Correa's populist definition of the national defense problem at the border can be gleaned from an interview with Bogotá's Semana magazine of April 20, 2008:
Colombia does not take care of its southern border, it's a deliberate strategy to involve us in Plan Colombia. A great part of the population, especially in the Amazon, supports the FARC because the Colombian and the Ecuadorean state is not there and those who provide work to the people (drugs, etc.) are the FARC. How do you stop it? Uribe thinks it's by bombing. Our strategy is human development in the region.
The statement once again misinterpreted Plan Colombia and overlooked the fact that the FARC forces peasants into the illegal drugs economy. Moreover, a realistic view would have seen that the Colombia-Ecuador distemper of March 2008 has been brewing for years, because Colombia's neighbors have not secured their borders, and because the FARC would seek refuge in Ecuador and Venezuela if pressure increased in Colombia, and that "human development" is impossible without security. The contrasting views on security underscore that the eloquent declarations of the triumph of peace and diplomacy at the OAS and at the Group of Rio Summit and the handshakes between Uribe, Correa, and Chávez are very much part of Latin American strategic culture, but they leave unfinished the tasks of border security and dealing with the insidious penetration of terrorism, drugs, dirty money, contraband, and international organized crime. The Latin American states need to find common ground between fundamentally different views on what constitutes terrorism versus legitimate political activity. As Uribe stated at the Group of Rio Summit:
It surprises me that they speak of the violation of the sovereign territory of Ecuador, but not of the violation of the sovereignty of the people of Colombia.To speak of territorial sovereignty you have to speak of the other sovereignty, which is more important than the territorial, which is the right of a people not to be attacked.
Uribe was enunciating a new concept of sovereignty, a concept that has not taken root in the ministries and the intelligentsia of Latin America. Terrorism cannot be liberation or irregular warfare to one legitimate democratic government and crime to another. Governments should defend coherent principles in foreign and defense policies, because they all benefit from international order. They must take seriously the combustible combination of drugs, terrorists, at times supported by extreme leftist social protest groups masquerading as nationalists, human rights movements, and legitimate democratic forces while threatening fundamental security and democracy.

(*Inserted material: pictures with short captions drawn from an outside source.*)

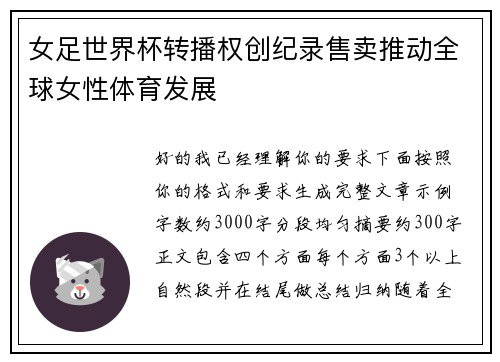 女足世界杯转播权创纪录售卖推动全球女性体育发展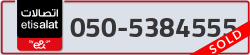  - code - 050 - number -5384555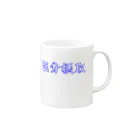 Rievolutionの塩分摂取 Mug :right side of the handle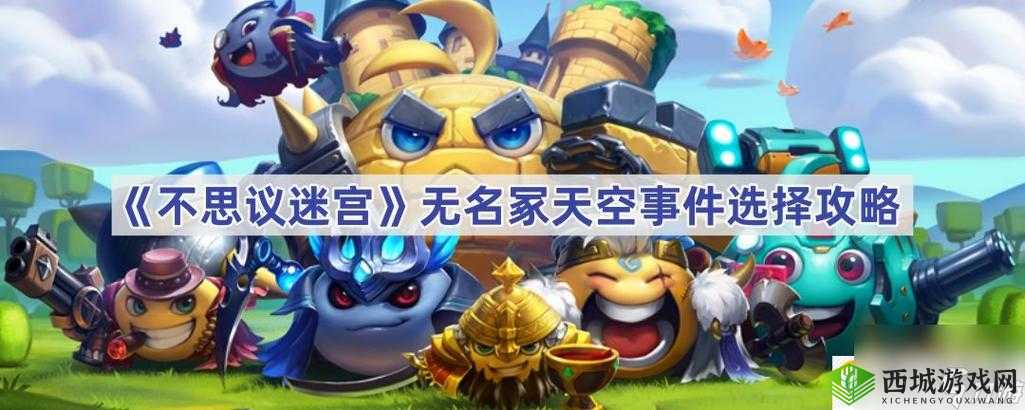 不思议迷宫无名冢事件攻略:如何选择无名冢选项及奖励全面解析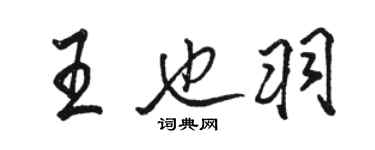 駱恆光王也羽行書個性簽名怎么寫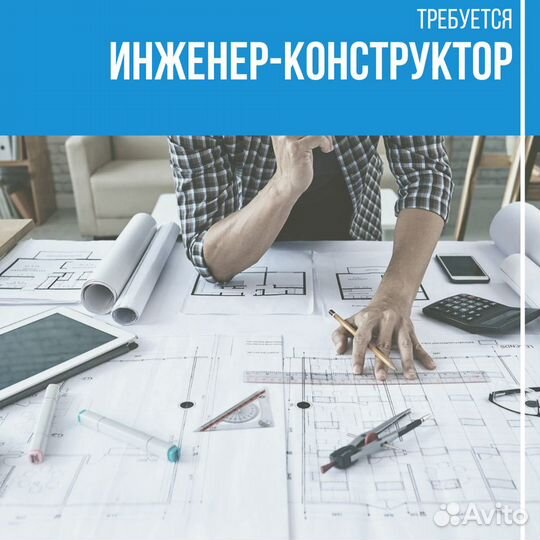 Инженер-конструктор (можно работать удалённо)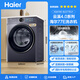 Haier Yunxi 4.0 77E drum washing machine fully automatic direct drive essence wash 2.0 ultra-thin flat-embedded wool green label certified first-class energy home appliance subsidy 77E single wash | direct drive essence wash 2.0+1.21 ultra-high cleaning ratio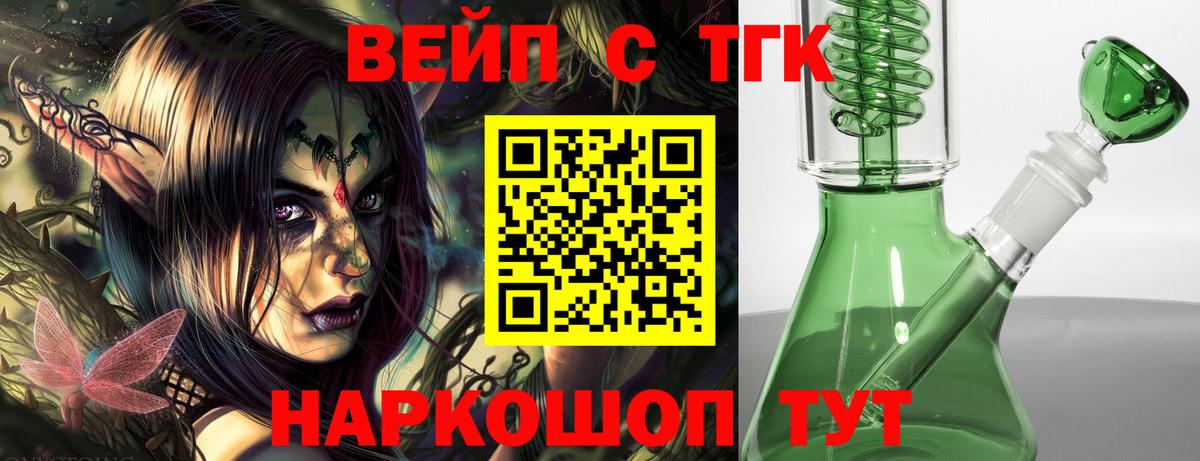 Дистиллят ТГК жижа  купить  сайты  Пушкино  Вход с VPN 
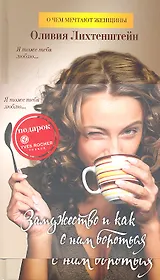 Замужество и как с ним бороться : Роман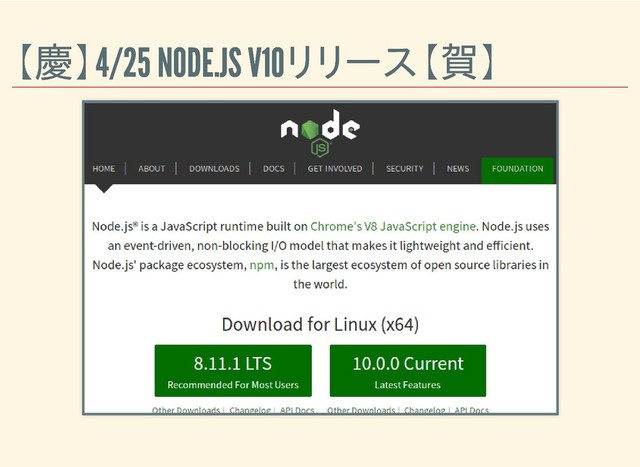 【慶】4/25 NODE.JS V10リリース【賀】
【慶】4/25 NODE.JS V10リリース【賀】
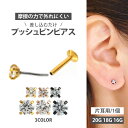 【P5倍★8/11 1:59まで】【摩擦の力で外れにくい】つけっぱなしピアス ボディピアス 20G 18G 16G カラーボディプッシュピン立爪ジュエルラブレット トラガス 軟骨ピアス 【片耳用】 【30日間お試し期間あり/返品交換保証】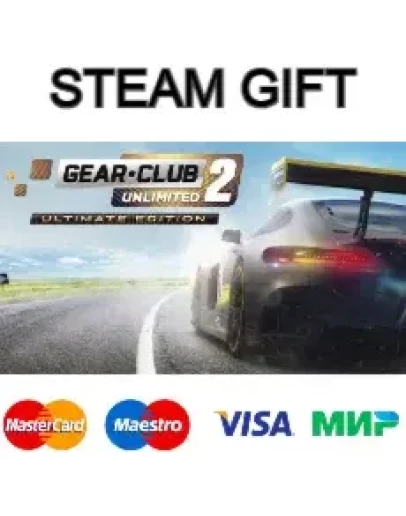 Gear.Club Unlimited 2 - Ultimate Edition steam RU/UA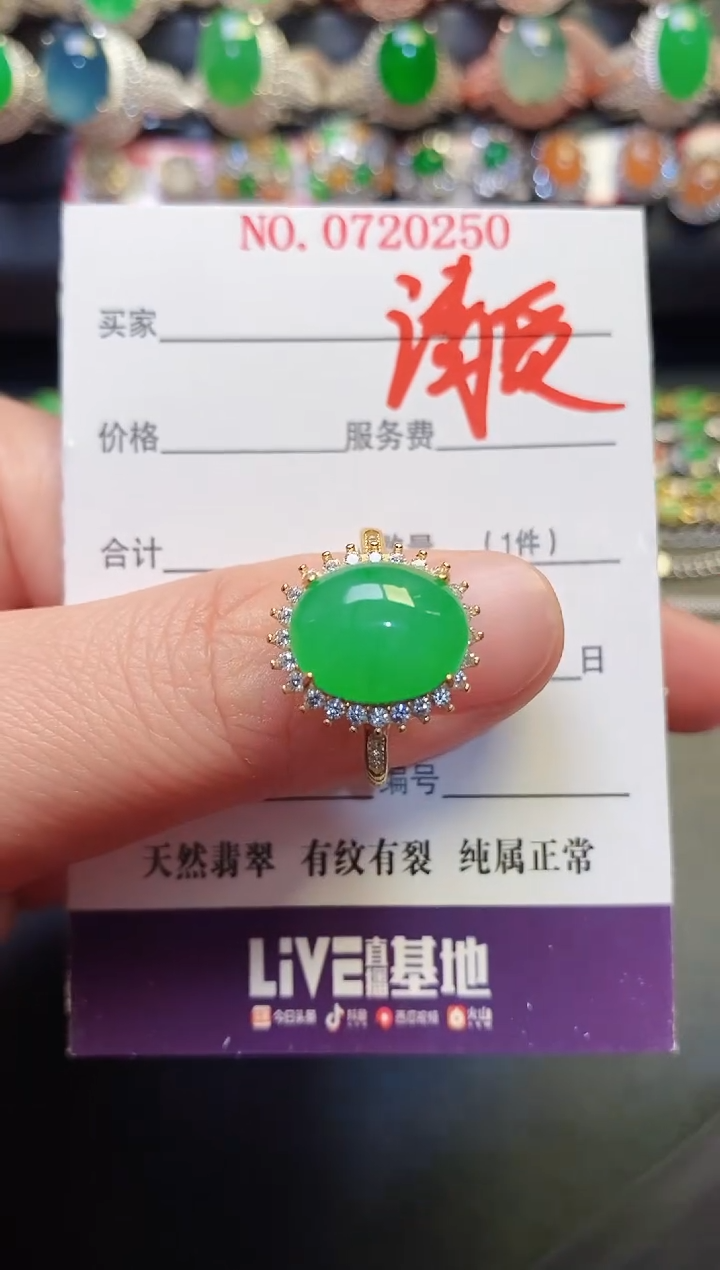 银S925镶嵌戒指翡翠天然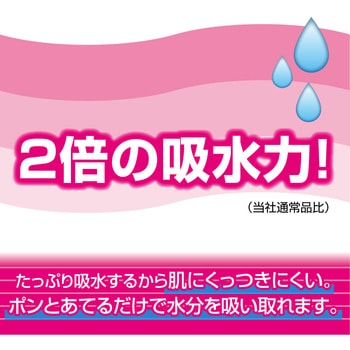 エリエール シャワートイレのためにつくった吸収力が2倍のトイレットペーパー フラワープリント香水付き 18R(ダブル) エリエール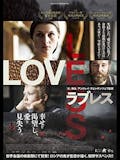 ロシア映画のおすすめ人気ランキング 5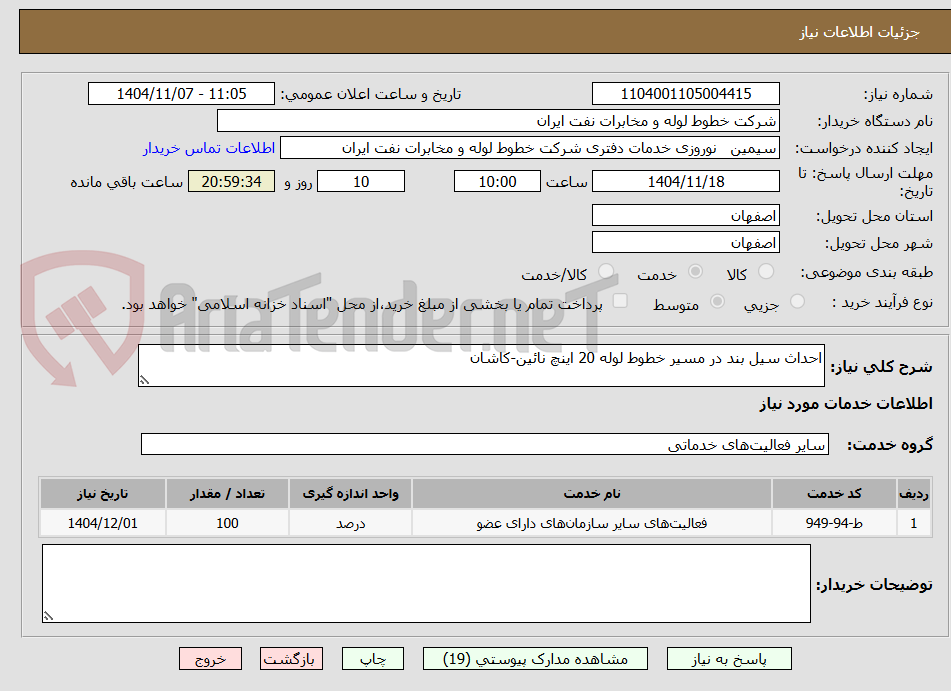 تصویر کوچک آگهی احداث سیل بند در مسیر خطوط لوله 20 اینچ نائین-کاشان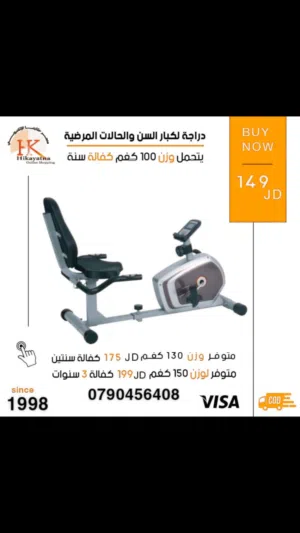 دراجة لكبار السن والحالات المرضية بتصميم مريح ومناسب للمرضى وكبار السن، تدعم وزن حتى 100 كغم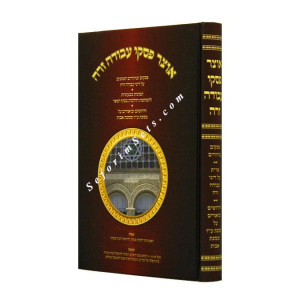 OTZER PISKEI AVODAH ZARAH / אוצר פסקי עבודה זרה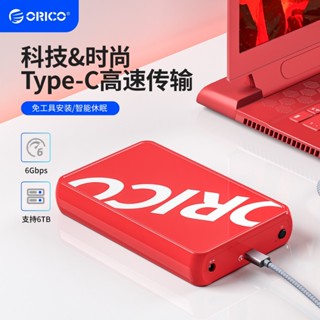 ♞,♘,♙ORICO 奧睿科 時尚款 行動外接硬碟盒 支援3.5英寸機械型固態型硬碟 Typec 3.1 外接 臺式機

Colombia, Ecuador, Panama, Peru, Brazil, Bolivia, and Venezuela should create effective mechanisms for dealing with border security, international crime, and terrorism. A potentially useful initiative is Brazil's proposal for a South American Defense Council. Defense Minister Nelson Jobim stated in the aftermath of the crisis that its purpose would be to strengthen military cooperation and to prevent situations like the Colombian-Ecuador incident. Brazil, with some 15,000 kilometers of practically undefended borders with 10 countries, has a lot at stake. Though various countries signed up for the Defense Council at the May 2008 meeting of the presidents of South America in Brasilia, a number of knotty issues must be resolved. What are the threats that would agglutinate the Defense Council? Unless a majority of members recognize terrorism and drug trafficking as the main threats, what other threats would cause common action? Furthermore, are the members willing to invest in organizing and integrating forces, managing intelligence, training, equipment, and in establishing a political-military command and control system among governments who, in many cases, do not trust each other, especially for ideological reasons? Unless these matters are effectively dealt with, the South American Defense Council might become what one Latin American senior officer termed an opportunity for "diplomatic tourism."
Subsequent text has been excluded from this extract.